Several studies have been conducted to increase the dehydration reactivity of Mg(OH)2. Ryu et al. reported that Mg(OH)2 mixed with Co(OH)2 or Ni(OH)2 exhibited higher dehydration reactivity at a lower temperature compared to pure Mg(OH)2.9) Additionally, the Mg(OH)2 dehydration temperature decreased by 44°C when using 10 mol% LiCl.10) A low dehydration temperature is beneficial for the application of Mg(OH)2/MgO systems. LiCl-containing Mg(OH)2 has been investigated in previous studies. Ishitobi et al. investigated the effect of 105 dehydration/hydration cycles for LiCl-containing Mg(OH)2.11) The hydration temperature, water vapor pressure, dehydration rate,12) and LiCl mixing ratio were investigated for Li-containing Mg(OH)2.13) The addition of LiCl lowered the dehydration temperature of the aforementioned Mg–Co mixed hydroxides.14) Additives other than LiCl were also investigated to enhance the performance of Mg(OH)2-based chemical heat storage materials.
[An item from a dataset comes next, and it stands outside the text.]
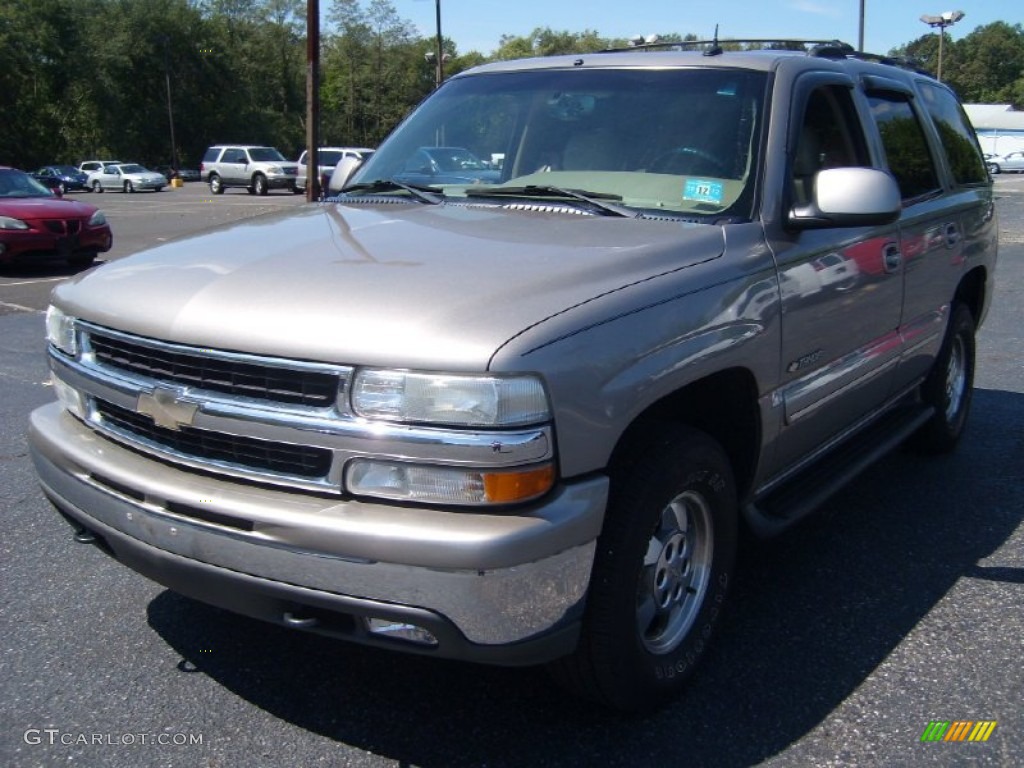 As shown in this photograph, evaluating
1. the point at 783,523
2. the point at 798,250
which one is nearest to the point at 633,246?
the point at 798,250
The addition of EG improved the thermal conductivity of Mg(OH)2.15) To recover thermal energy from the iron-making process, the dehydration/hydration behavior of composites containing Mg(OH)2, EG, and LiBr was investigated.16) Based on previous research, the dehydration temperature of Mg(OH)2 can be lowered using 7.0 mol% LiNO3,3) 7.0 mol% LiOOCCH3,3) 20 mol% LiOH,17,18) 5 mol% C6H5Na3O7,19) 1.7 mol% Ce(NO3)3 and 17 mol% LiOH,6) or, 3.2 mol% ZrO(NO3)2 and 31 mol% LiOH.20) Kurosawa et al. reported that doping 10 mol% LiCl and 10 mol% LiOH can lower the dehydration temperature of Mg(OH)2 by 66°C.18) In addition, LiCl and LiOH have been proposed to enhance the dehydration of Mg(OH)2.21)
In most of these investigations, Li compounds are used. However, the demand for Li compounds will increase in the future,22) and the price of Li compounds is high because of the cost of refining Li compounds from their raw materials such as ore and brine.23) Therefore, reducing the amount of Li compounds used as additives is desirable. In addition, alkali metal hydroxides, including LiOH, are deleterious substances and unstable in air because of their high reactivity with CO2;24) thus, decreasing the amount of alkali metal hydroxides is also preferable.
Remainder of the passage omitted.